Ultrasound Image Synthesis Using Generative AI for Lung Ultrasound Detection
Yu-Cheng Chou, Gary Y. Li, Li Chen, Mohsen Zahiri, Naveen Balaraju, Shubham Patil, Bryson Hicks, Nikolai Schnittke, David O. Kessler, Jeffrey Shupp, Maria Parker, Cristiana Baloescu, Christopher Moore, Cynthia Gregory, Kenton Gregory, Balasundar Raju, Jochen Kruecker, Alvin Chen
TL;DR
This work tackles data scarcity and class imbalance in lung ultrasound AI by introducing DiffUltra, a diffusion-based framework that synthesizes whole LUS images with realistic lesion structure and anatomy-aware placement. It leverages a Lesion-anatomy Bank to provide positional and texture guidance through a conditional PMF $P(\Delta X, \Delta Y \mid X, Y)$ and a bank of lesion foregrounds, and conditions a stable diffusion model on a lesion skeleton $S$ and latent features $f$ to generate images via $\hat{I} = Dec(D(f, S))$ in a downmapped latent space. Empirical results show that augmenting real data with DiffUltra synthetic images improves detection performance by $+5.6$ percentage points in lesion-level AP and up to $+25\%$ for rare large consolidations, outperforming mask-based diffusion baselines.
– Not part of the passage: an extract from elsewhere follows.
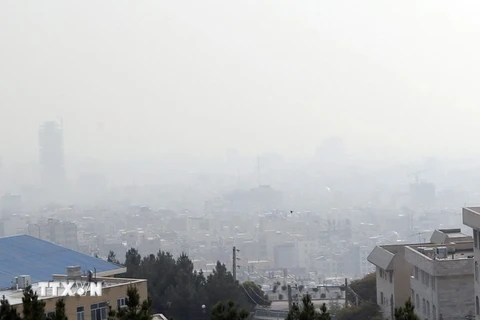 Khói mù bao phủ thủ đô Tehran ngày 13/11. (Nguồn: EPA/TTXVN)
Ablation studies confirm the necessity of both structural representation and positional guidance for realism and downstream gains, highlighting the value of geometry-aware data augmentation for ultrasound diagnostics.
Abstract
Developing reliable healthcare AI models requires training with representative and diverse data. In imbalanced datasets, model performance tends to plateau on the more prevalent classes while remaining low on less common cases. To overcome this limitation, we propose DiffUltra, the first generative AI technique capable of synthesizing realistic Lung Ultrasound (LUS) images with extensive lesion variability. Specifically, we condition the generative AI by the introduced Lesion-anatomy Bank, which captures the lesion's structural and positional properties from real patient data to guide the image synthesis.We demonstrate that DiffUltra improves consolidation detection by 5.6% in AP compared to the models trained solely on real patient data. More importantly, DiffUltra increases data diversity and prevalence of rare cases, leading to a 25% AP improvement in detecting rare instances such as large lung consolidations, which make up only 10% of the dataset.